Recorded data:
########
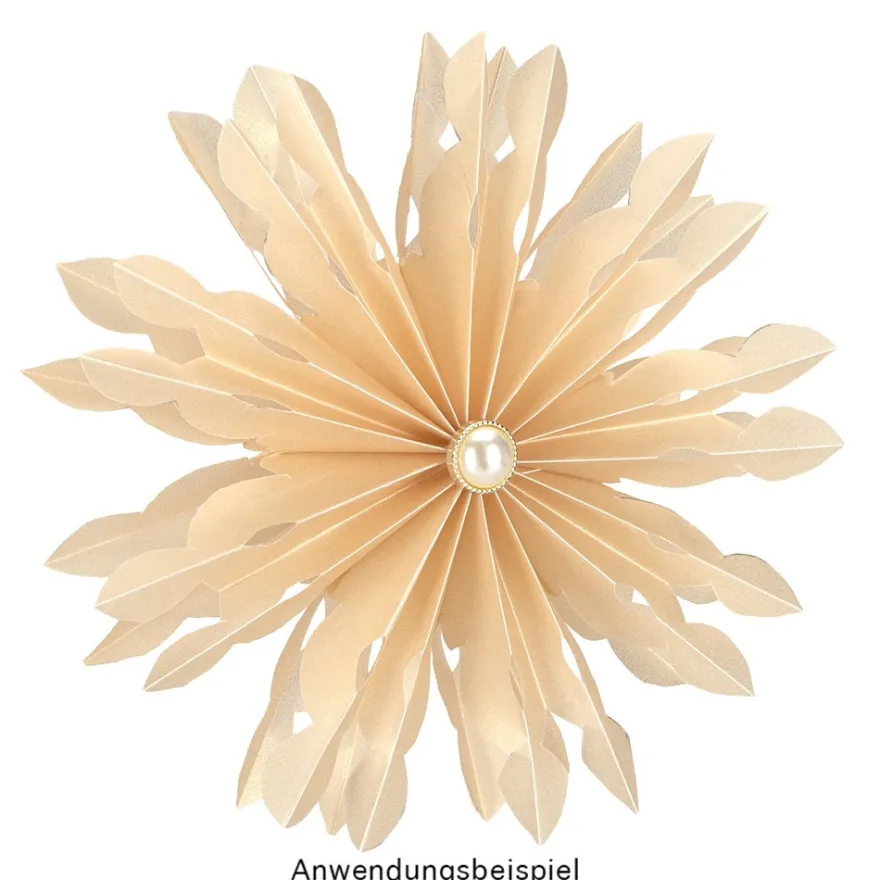 Transparentpapier-Aufleger, mit Büttenrand, 14cm x 14cm, 100g/m², gold, 20 Blatt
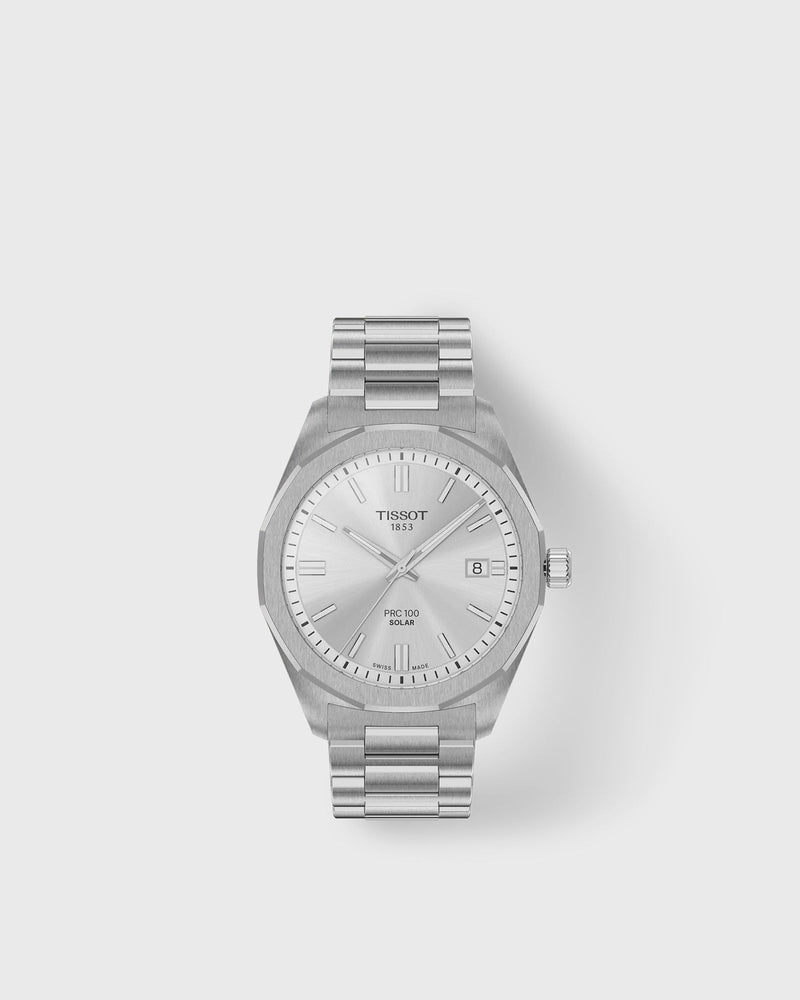 Tissot PRC 100 Solar Quartz 39mm silver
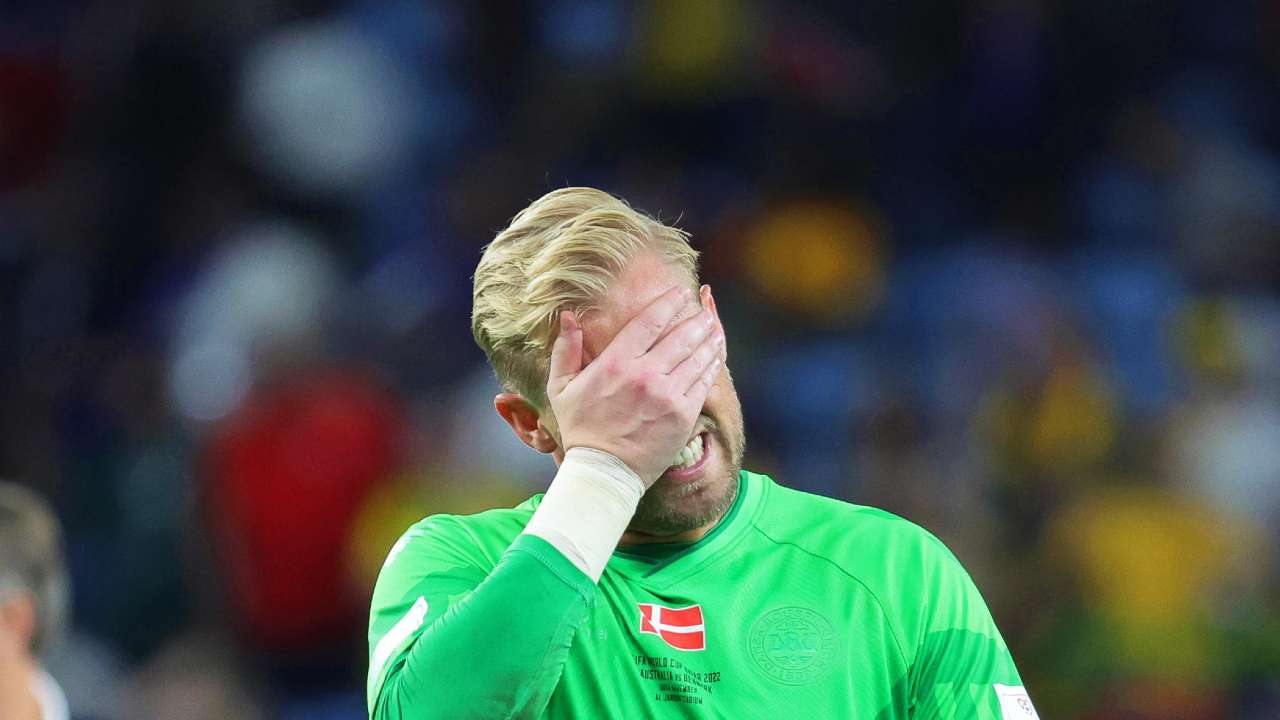 Kasper Peter Schmeichel deluso dopo Australia-Danimarca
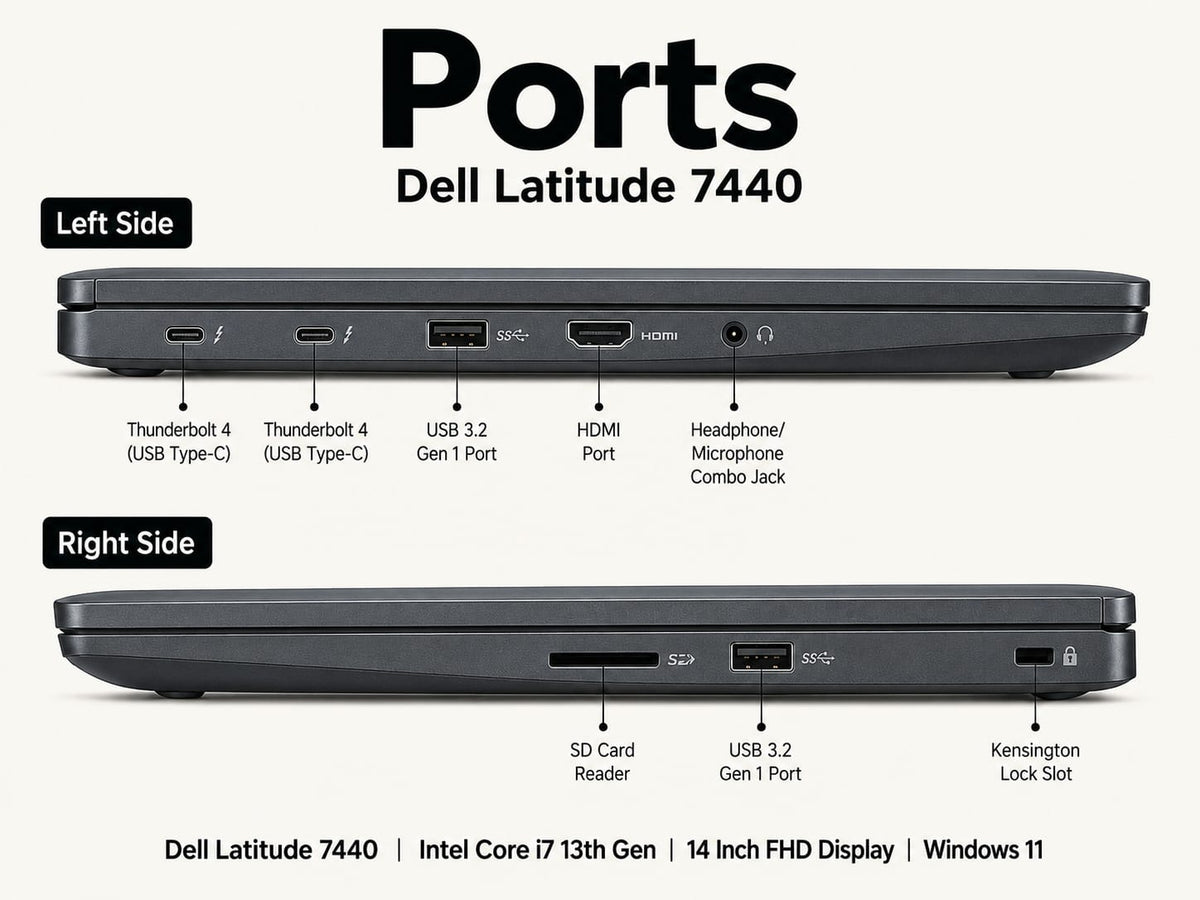 Dell Latitude 7440 Intel Core i7 13th Gen | 14 Inch FHD Windows 11 Refurbished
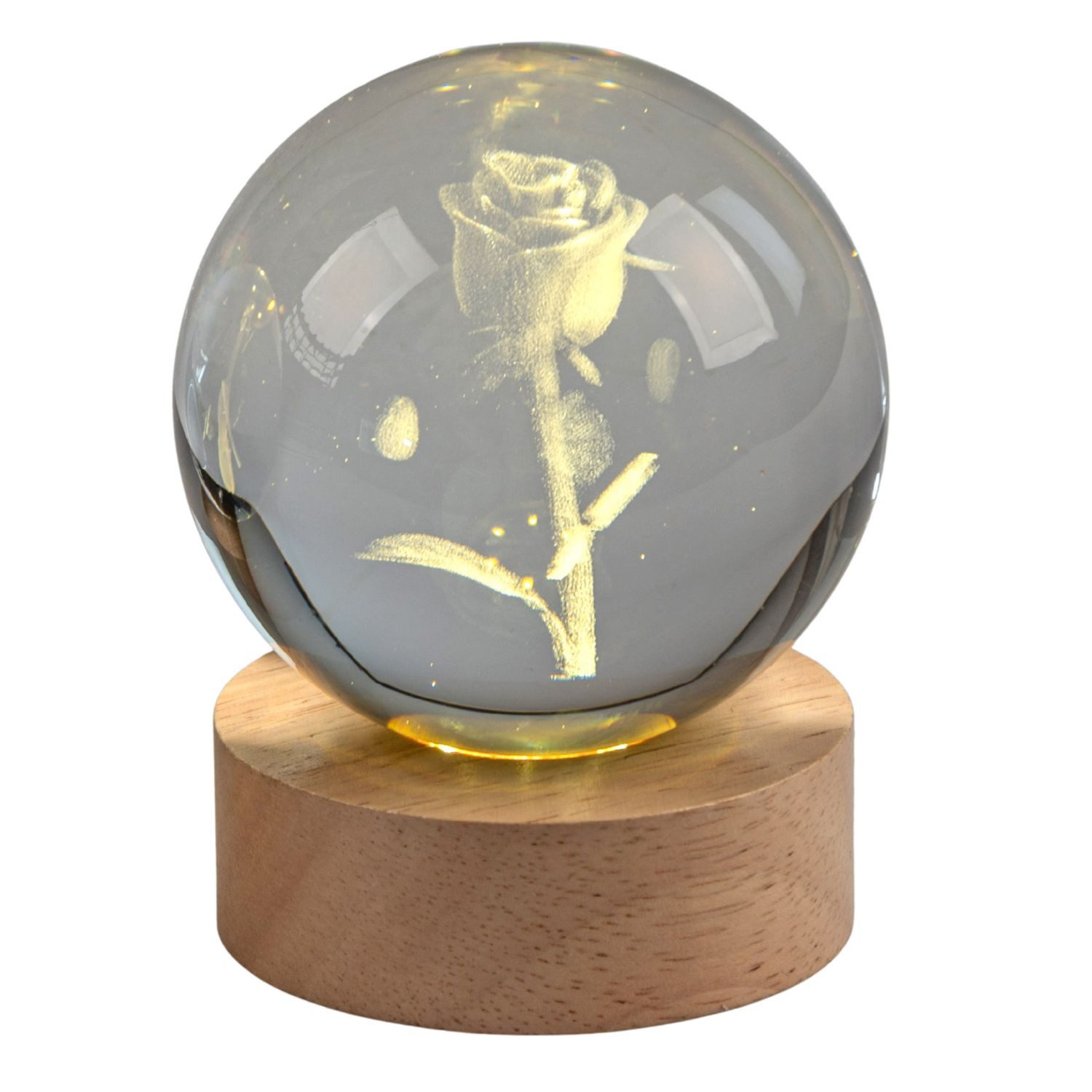 formano LED Tischleuchte Kristallkugel, LED, Höhe: 10cm, Farbe: Transparent, Motiv: Kristall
########
■ EXERCISE ■
All of the entries must be reproduced exactly, with no pictures kept.

■ EXERCISE RESULT ■
 Transparentpapier-Aufleger, mit Büttenrand, 14cm x 14cm, 100g/m², gold, 20 Blatt
 Tissot PRC 100 Solar Quartz 39mm silver
 Kasper Peter Schmeichel deluso dopo Australia-Danimarca
 Dell Latitude 7440 Intel Core i7 13th Gen | 14 Inch FHD Windows 11 Refurbished
 formano LED Tischleuchte Kristallkugel, LED, Höhe: 10cm, Farbe: Transparent, Motiv: Kristall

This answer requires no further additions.